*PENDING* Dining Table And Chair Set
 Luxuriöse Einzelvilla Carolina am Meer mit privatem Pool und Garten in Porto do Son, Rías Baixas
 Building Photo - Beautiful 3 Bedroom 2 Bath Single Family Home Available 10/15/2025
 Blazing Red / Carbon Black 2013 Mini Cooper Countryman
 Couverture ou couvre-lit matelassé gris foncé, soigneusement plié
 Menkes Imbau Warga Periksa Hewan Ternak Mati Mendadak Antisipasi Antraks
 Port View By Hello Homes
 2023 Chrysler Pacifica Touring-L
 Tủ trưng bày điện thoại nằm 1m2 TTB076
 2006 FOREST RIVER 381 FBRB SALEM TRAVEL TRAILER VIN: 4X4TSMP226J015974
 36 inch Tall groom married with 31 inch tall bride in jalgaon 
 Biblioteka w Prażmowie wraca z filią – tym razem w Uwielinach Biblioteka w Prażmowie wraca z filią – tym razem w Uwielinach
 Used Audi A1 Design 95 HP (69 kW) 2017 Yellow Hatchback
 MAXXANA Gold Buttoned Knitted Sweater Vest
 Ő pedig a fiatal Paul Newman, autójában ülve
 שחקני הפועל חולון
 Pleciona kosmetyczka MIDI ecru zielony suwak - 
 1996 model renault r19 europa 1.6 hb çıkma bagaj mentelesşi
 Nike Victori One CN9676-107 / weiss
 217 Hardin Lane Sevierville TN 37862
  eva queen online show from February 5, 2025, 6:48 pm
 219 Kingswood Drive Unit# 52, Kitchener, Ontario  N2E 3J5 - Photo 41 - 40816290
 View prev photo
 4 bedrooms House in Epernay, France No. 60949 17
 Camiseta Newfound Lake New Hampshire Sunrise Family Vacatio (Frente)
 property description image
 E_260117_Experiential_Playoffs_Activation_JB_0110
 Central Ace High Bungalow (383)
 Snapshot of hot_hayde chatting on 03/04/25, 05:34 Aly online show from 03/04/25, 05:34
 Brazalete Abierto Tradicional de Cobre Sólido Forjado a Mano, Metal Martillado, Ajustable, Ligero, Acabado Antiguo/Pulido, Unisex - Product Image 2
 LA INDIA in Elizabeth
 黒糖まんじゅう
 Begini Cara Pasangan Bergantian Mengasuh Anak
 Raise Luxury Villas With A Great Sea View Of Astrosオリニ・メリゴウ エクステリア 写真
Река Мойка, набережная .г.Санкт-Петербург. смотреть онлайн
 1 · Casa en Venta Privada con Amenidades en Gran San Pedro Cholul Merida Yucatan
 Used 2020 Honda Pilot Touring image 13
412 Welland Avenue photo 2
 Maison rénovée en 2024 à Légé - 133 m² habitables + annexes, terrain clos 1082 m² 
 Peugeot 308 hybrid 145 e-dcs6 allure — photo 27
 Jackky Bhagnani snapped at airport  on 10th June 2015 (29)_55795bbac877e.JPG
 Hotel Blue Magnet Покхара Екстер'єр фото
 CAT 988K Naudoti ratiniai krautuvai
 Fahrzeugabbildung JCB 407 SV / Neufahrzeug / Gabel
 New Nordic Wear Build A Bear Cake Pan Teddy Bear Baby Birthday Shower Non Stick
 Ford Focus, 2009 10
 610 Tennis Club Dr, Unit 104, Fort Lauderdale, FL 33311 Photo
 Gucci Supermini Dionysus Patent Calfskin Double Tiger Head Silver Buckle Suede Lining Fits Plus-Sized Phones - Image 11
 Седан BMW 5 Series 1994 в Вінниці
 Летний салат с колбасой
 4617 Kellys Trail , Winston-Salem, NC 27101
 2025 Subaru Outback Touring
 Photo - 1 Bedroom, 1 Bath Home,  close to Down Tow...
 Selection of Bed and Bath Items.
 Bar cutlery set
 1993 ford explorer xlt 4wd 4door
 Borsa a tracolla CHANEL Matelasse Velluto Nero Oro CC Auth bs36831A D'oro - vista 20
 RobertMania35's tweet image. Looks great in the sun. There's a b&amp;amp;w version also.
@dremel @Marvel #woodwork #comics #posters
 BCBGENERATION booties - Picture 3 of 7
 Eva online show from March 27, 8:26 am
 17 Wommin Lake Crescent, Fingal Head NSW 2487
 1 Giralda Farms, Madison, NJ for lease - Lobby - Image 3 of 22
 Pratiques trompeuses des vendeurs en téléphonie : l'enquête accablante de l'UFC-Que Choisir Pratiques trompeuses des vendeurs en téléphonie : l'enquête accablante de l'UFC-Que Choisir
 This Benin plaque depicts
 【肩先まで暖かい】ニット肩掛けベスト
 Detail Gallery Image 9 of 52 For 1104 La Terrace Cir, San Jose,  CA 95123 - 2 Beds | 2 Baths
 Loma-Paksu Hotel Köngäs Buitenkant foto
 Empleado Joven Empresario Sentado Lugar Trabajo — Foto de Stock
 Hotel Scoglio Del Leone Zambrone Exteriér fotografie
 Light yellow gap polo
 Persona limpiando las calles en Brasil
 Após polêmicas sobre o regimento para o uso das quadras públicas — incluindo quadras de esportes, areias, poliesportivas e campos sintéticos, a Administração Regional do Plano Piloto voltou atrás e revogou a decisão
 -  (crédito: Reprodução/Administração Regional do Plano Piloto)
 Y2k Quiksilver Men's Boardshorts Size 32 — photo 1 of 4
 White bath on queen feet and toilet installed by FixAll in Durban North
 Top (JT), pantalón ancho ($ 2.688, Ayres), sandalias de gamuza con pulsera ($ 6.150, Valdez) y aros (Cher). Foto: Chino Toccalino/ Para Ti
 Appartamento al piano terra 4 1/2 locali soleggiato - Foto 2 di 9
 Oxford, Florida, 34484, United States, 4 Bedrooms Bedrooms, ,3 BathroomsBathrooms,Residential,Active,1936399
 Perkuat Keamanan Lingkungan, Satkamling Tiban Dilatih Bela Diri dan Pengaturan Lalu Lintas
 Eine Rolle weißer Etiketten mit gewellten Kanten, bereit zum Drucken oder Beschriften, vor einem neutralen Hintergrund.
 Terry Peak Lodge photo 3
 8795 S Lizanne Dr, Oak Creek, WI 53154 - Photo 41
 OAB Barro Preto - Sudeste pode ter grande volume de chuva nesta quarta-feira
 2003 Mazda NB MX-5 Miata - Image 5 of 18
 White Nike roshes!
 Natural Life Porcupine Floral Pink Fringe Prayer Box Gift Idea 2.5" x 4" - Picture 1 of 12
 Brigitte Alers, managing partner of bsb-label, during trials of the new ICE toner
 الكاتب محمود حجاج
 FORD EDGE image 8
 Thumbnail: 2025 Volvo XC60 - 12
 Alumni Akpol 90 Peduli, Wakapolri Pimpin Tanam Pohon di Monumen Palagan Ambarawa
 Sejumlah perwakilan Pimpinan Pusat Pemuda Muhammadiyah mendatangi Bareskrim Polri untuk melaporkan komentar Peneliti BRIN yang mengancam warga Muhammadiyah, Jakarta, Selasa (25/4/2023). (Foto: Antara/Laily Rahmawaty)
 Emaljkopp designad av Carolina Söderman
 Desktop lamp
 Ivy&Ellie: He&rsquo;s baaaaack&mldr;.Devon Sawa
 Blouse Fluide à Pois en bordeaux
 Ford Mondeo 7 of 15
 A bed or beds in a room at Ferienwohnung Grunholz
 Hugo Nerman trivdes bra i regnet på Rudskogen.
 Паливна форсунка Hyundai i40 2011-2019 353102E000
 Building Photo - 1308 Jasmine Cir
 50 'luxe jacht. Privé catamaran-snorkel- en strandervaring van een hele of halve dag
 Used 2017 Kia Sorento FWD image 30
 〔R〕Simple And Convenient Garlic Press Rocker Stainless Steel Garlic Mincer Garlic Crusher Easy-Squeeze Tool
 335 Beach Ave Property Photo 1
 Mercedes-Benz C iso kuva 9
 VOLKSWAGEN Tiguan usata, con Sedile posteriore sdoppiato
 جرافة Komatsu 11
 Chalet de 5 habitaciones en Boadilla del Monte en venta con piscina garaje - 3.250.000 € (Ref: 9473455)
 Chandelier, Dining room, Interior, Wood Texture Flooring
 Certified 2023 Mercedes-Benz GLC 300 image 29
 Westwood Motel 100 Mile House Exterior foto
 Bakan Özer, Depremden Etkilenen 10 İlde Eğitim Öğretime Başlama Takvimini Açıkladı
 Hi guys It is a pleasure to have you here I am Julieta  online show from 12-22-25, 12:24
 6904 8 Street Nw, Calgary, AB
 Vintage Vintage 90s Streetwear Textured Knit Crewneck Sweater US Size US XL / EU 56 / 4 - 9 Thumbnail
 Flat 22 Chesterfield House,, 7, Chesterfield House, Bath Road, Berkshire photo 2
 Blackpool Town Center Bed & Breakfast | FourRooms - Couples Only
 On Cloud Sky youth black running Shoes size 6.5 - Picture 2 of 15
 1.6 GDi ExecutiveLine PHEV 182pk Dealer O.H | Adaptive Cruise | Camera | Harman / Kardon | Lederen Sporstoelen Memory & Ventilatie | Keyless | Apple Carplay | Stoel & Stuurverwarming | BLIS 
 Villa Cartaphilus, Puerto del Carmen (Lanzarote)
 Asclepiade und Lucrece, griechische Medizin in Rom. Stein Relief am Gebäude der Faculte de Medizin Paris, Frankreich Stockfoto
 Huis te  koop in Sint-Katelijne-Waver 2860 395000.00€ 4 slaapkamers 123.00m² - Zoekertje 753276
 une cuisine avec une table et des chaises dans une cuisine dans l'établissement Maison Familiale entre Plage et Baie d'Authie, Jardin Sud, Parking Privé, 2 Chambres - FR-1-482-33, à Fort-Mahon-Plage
::::::::::
**ACTIVITY:** In the listing above, find the line with "LA INDIA in Elizabeth" and the line with "#woodwork #comics #posters", then print exactly those two lines and every line between them, and nothing more.

**RESPONSE AREA:**
 LA INDIA in Elizabeth
 黒糖まんじゅう
 Begini Cara Pasangan Bergantian Mengasuh Anak
 Raise Luxury Villas With A Great Sea View Of Astrosオリニ・メリゴウ エクステリア 写真
Река Мойка, набережная .г.Санкт-Петербург. смотреть онлайн
 1 · Casa en Venta Privada con Amenidades en Gran San Pedro Cholul Merida Yucatan
 Used 2020 Honda Pilot Touring image 13
412 Welland Avenue photo 2
 Maison rénovée en 2024 à Légé - 133 m² habitables + annexes, terrain clos 1082 m² 
 Peugeot 308 hybrid 145 e-dcs6 allure — photo 27
 Jackky Bhagnani snapped at airport  on 10th June 2015 (29)_55795bbac877e.JPG
 Hotel Blue Magnet Покхара Екстер'єр фото
 CAT 988K Naudoti ratiniai krautuvai
 Fahrzeugabbildung JCB 407 SV / Neufahrzeug / Gabel
 New Nordic Wear Build A Bear Cake Pan Teddy Bear Baby Birthday Shower Non Stick
 Ford Focus, 2009 10
 610 Tennis Club Dr, Unit 104, Fort Lauderdale, FL 33311 Photo
 Gucci Supermini Dionysus Patent Calfskin Double Tiger Head Silver Buckle Suede Lining Fits Plus-Sized Phones - Image 11
 Седан BMW 5 Series 1994 в Вінниці
 Летний салат с колбасой
 4617 Kellys Trail , Winston-Salem, NC 27101
 2025 Subaru Outback Touring
 Photo - 1 Bedroom, 1 Bath Home,  close to Down Tow...
 Selection of Bed and Bath Items.
 Bar cutlery set
 1993 ford explorer xlt 4wd 4door
 Borsa a tracolla CHANEL Matelasse Velluto Nero Oro CC Auth bs36831A D'oro - vista 20
 RobertMania35's tweet image. Looks great in the sun. There's a b&amp;amp;w version also.
@dremel @Marvel #woodwork #comics #posters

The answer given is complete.